Assignment
Return only the lines running from the first line of the listing through the one with "Pleitegeier.jpg Pleitegeier.jpg", unchanged.

Information shown
____________________
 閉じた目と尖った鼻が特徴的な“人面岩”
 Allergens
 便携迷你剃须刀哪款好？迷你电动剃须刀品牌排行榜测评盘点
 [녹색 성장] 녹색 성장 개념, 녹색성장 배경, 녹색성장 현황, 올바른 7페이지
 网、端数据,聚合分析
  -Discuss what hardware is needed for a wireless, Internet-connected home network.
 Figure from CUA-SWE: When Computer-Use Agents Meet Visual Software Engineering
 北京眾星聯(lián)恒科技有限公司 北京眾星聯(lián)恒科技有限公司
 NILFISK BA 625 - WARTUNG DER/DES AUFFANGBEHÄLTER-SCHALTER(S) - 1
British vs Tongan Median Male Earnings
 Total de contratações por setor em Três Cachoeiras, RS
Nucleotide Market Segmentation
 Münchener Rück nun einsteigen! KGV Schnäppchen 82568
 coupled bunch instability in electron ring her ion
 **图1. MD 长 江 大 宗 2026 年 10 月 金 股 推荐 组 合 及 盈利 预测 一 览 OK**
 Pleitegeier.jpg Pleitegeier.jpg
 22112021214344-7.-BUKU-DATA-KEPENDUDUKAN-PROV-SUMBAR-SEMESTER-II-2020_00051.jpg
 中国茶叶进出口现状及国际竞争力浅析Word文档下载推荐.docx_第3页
____________________
Answer to this task
 閉じた目と尖った鼻が特徴的な“人面岩”
 Allergens
 便携迷你剃须刀哪款好？迷你电动剃须刀品牌排行榜测评盘点
 [녹색 성장] 녹색 성장 개념, 녹색성장 배경, 녹색성장 현황, 올바른 7페이지
 网、端数据,聚合分析
  -Discuss what hardware is needed for a wireless, Internet-connected home network.
 Figure from CUA-SWE: When Computer-Use Agents Meet Visual Software Engineering
 北京眾星聯(lián)恒科技有限公司 北京眾星聯(lián)恒科技有限公司
 NILFISK BA 625 - WARTUNG DER/DES AUFFANGBEHÄLTER-SCHALTER(S) - 1
British vs Tongan Median Male Earnings
 Total de contratações por setor em Três Cachoeiras, RS
Nucleotide Market Segmentation
 Münchener Rück nun einsteigen! KGV Schnäppchen 82568
 coupled bunch instability in electron ring her ion
 **图1. MD 长 江 大 宗 2026 年 10 月 金 股 推荐 组 合 及 盈利 预测 一 览 OK**
 Pleitegeier.jpg Pleitegeier.jpg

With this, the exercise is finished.